According to a report produced by UK-based cultivators of change Anthemis Group, cyber risk insurance is relatively new compared to other insurance sectors. Vica Manos, director at Anthemis Group, says “the cyber insurance space is now evolving rapidly driven by the advent of data science and technology, and the resulting emergence of specialist cyber technology companies that focus on the SME market.” In fact, with annual premium growth expected to remain at 15% over the next 5 to 10 years, cyber risk is one of the few insurance markets not challenged by stagnant or decreasing premiums, attracting the attention of insurers and reinsurers alike.
Who is using cyber risk insurance?
Anthemis Group reports that comprehensive cyber risk insurance policies are currently mostly used by big corporations. The current process of using a consultancy firm to perform a security benchmarking process from an insurance perspective and to understand the corporation needs in terms of protection is a costly exercise which also requires extensive internal cyber knowledge.
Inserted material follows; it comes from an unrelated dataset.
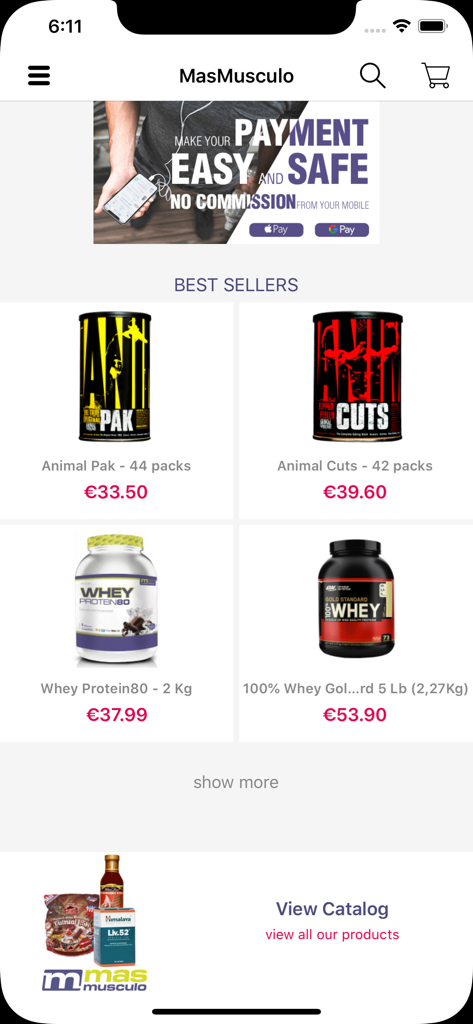 MASmusculo - Interfaccia dell'app MASmusculo che mostra i migliori integratori per il bodybuilding in vendita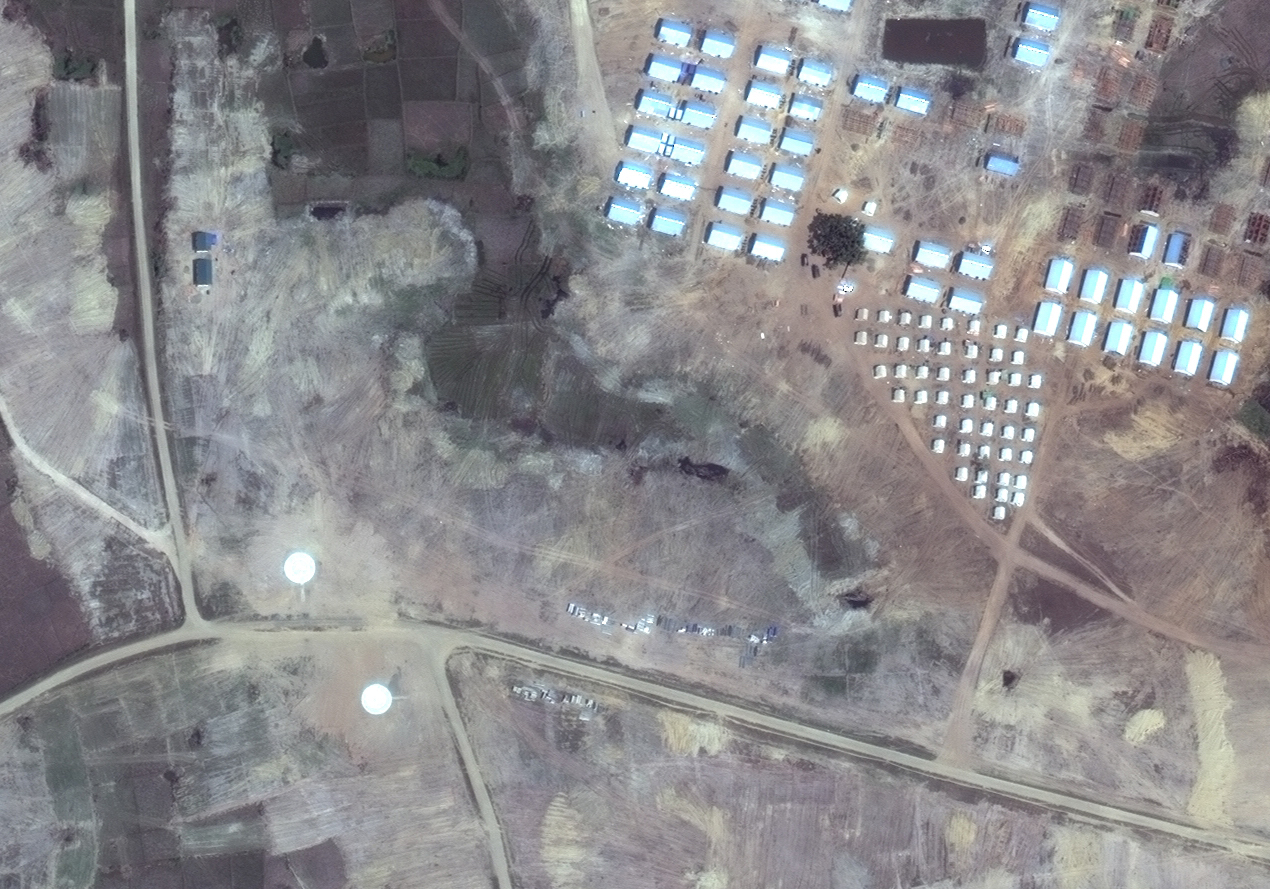 Satellite image of helicopter pads near Hla Poe Kaung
This is prohibitive for smaller organisations.
“Startups that are working on filling this very gap have started to emerge. Propositions such as ThreatInformer and Zeguro help the small and medium sized enterprise market to access much needed cyber risk insurance policies. They are able to conduct automated comprehensive security assessments, providing an unprecedented level of detail to insurers and brokers in a cost-efficient manner, helping them better understand the risk and serve a segment that was previously priced out of the market,” says Manos.
How is cyber risk insurance provided?
Carlo Biggio, Associate at Anthemis Group, splits the cyber risk insurance sector because of its intertwined nature in the following three categories: cyber risk modelling platforms; cyber risk assessment with insurance applications and cyber risk assessment.
- Cyber risk modelling platforms are those companies that use tools to model and price cyber insurance policies, these tools require an adequate record of previous cyber-related losses and significant mathematical capabilities to develop them
- Cyber risk assessment with insurance applications are companies who run assessments for organisations and produce reports in a digestible format for insurance brokers/ companies, helping the latter underwrite cyber risks better
- Cyber risk assessment are companies that use platforms which identify the various information assets that could be affected by a cyberattack (such as hardware, systems, laptops, customer data, intellectual property, etc.), together with assessing the various risks that could affect those assets
What does the future look like?
Manos says, “The holy grail of insurance is quantifying the extent of potential losses and estimating the probability of those occurring. In cyber insurance, this is far more complex than it sounds, as the very nature of the risk keeps evolving at speed. New ways of thinking are needed in two areas: First, probabilistic and adaptive AI-driven cyber risk models are required. Second, these models demand appropriate datasets to be chosen, collected and presented in a consistent and reliable manner. This, today, remains a challenge.”
Exponential Ventures has been in extensive discussions with Anthemis to find solutions not only for the South African market (identified as one of the most vulnerable countries) but for the 15 other countries, and the broader global market. Financial Wellness drives us to invest in startups that have the potential to help us achieve this for our clients and stakeholders and cyber risk insurance is becoming an important component in this journey.